Problem to work on — Please retype every record below exactly, leaving the pictures out.

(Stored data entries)
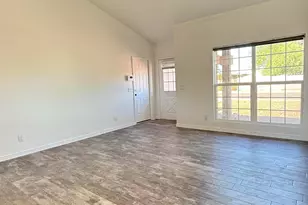 8633 W Wethersfield Rd, Peoria, AZ 85381 - Photo 12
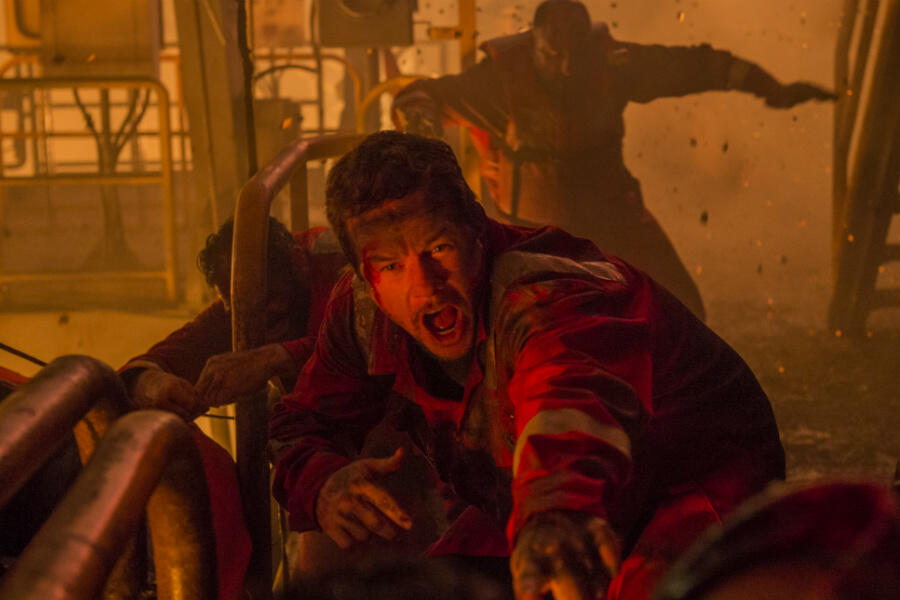 See Mark Wahlberg in Revealing New 'Deepwater Horizon' Images
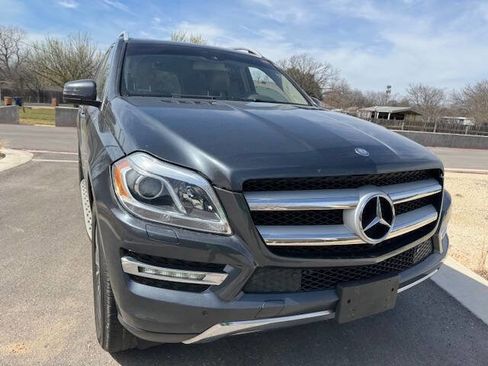 Used 2016 Mercedes-Benz GL 450 4MATIC image 8
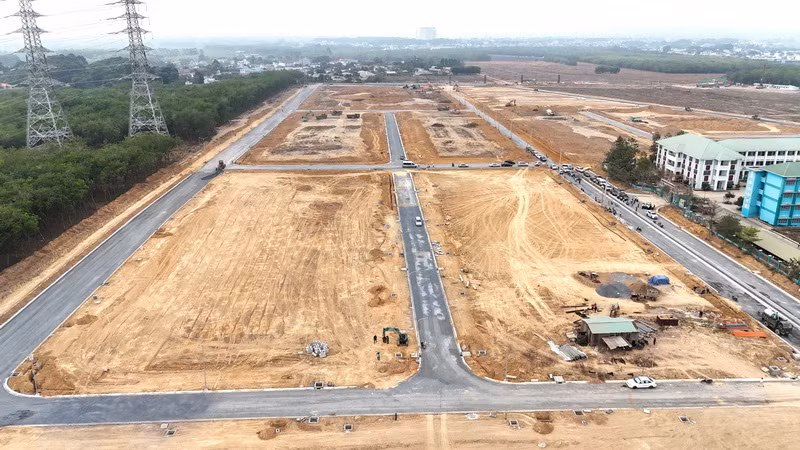 Khu tái định cư Long Đức đang được gấp rút hoàn thành hạ tầng kỹ thuật phục vụ người dân di dời để làm đường cao tốc Biên Hòa-Vũng Tàu.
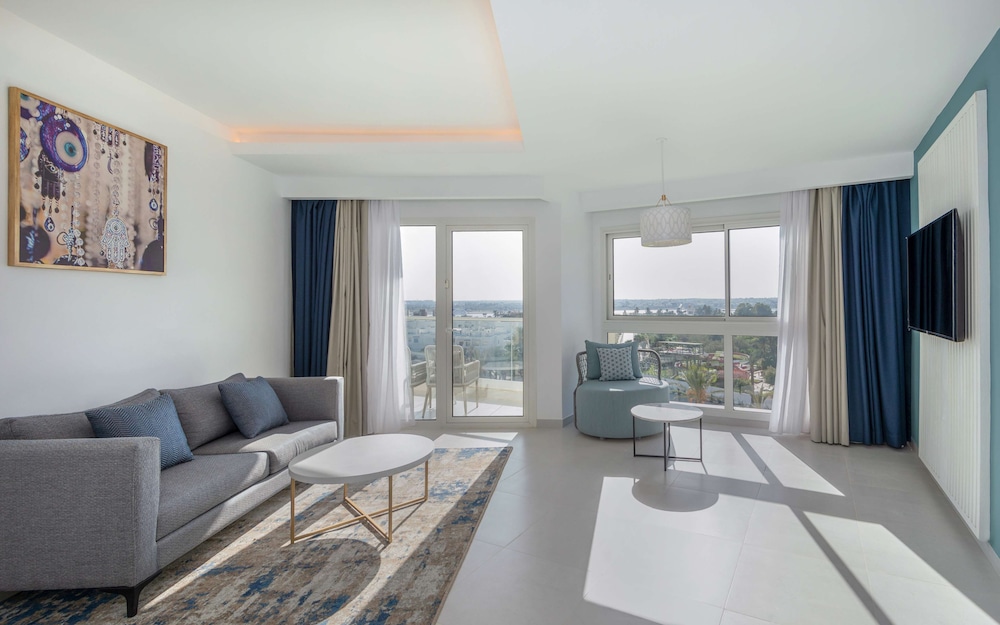 Executive Suite, 1 Bedroom photo 2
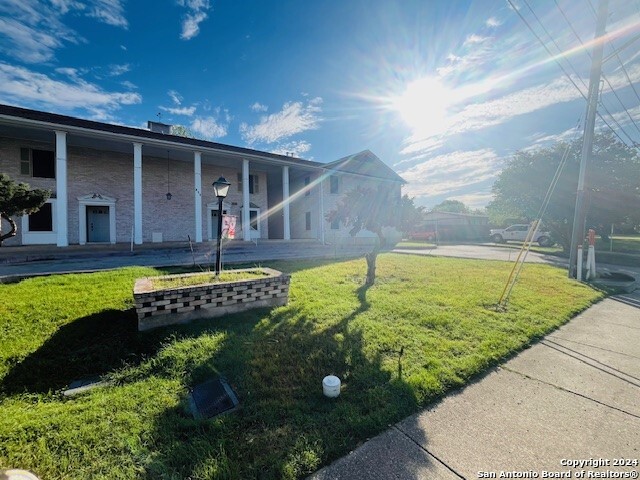 811 Jackson Keller Property Photo 2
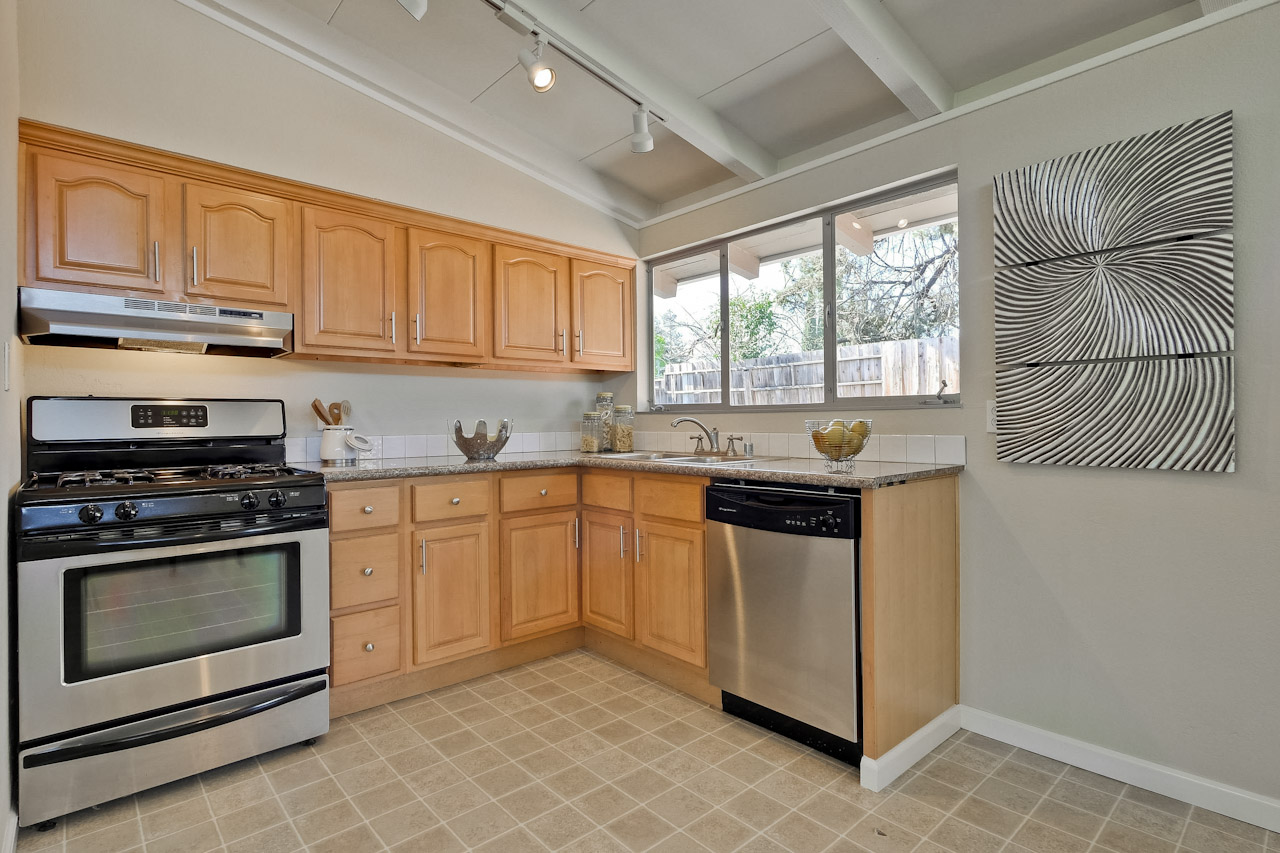 Kitchen 2_mls.jpg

Response to this task —
 8633 W Wethersfield Rd, Peoria, AZ 85381 - Photo 12
 See Mark Wahlberg in Revealing New 'Deepwater Horizon' Images
 Used 2016 Mercedes-Benz GL 450 4MATIC image 8
 Khu tái định cư Long Đức đang được gấp rút hoàn thành hạ tầng kỹ thuật phục vụ người dân di dời để làm đường cao tốc Biên Hòa-Vũng Tàu.
 Executive Suite, 1 Bedroom photo 2
 811 Jackson Keller Property Photo 2
 Kitchen 2_mls.jpg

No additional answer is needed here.